1. Though limited in recent times, there continues to be an almost infinite supply of cheap money (credits) in Vendetta Online, mostly accumulated by veteran players.

2. There is an infinite supply of goods in the form of station commodity shops, drops of game generated hive and NPC ships and convoys.

3. There is an infinite demand for goods in stations, that despite being able to tank, is not determined by an economic model and also contributes to the infinite supply of money.

4. There is a weak relation between earning credits and generating value to the economy.

All these points continue to debase the value of credits, contributing to an ever increasing cost of items and services.

If I still haven’t convinced you, let me give you a practical example:

In a very short time, I accumulated $3 million credits through a relatively easy task (weapons trading).

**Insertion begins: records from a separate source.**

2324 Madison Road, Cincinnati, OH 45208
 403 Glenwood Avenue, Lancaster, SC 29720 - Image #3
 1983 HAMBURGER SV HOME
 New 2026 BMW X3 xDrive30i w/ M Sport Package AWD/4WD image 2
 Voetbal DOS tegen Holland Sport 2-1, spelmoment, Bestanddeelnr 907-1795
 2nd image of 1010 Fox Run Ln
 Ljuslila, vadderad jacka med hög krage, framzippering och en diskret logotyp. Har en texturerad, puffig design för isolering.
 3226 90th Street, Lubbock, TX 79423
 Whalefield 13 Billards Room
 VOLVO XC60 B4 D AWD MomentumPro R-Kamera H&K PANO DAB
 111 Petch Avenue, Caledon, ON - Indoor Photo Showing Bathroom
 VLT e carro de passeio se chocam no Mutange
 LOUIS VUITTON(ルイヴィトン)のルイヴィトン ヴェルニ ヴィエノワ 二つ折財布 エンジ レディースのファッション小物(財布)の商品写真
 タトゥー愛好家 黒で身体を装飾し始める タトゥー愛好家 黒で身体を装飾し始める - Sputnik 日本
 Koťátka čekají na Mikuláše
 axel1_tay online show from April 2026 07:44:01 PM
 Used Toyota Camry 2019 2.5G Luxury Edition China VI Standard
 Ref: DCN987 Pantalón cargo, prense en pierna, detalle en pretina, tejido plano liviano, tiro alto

Only a fraction of that could already cover my initial investment to perform such a risky task (flying a Behemoth XC loaded with weapons in Corvus stations) and also pay for an extensive PvP session assuming I’d lose a significant amount of ships and equipment.

With prices being constant in most stations throughout the universe, a new player would assume they hit the motherlode, but when you consider players have hundreds of millions of credits, suddenly that huge amount of credits becomes nothing.

Just to clear up, my point is not that veterans having too many credits is the issue here. The issue is that those credits have been accumulated due to the lack of sinkholes, which I’ll address further below.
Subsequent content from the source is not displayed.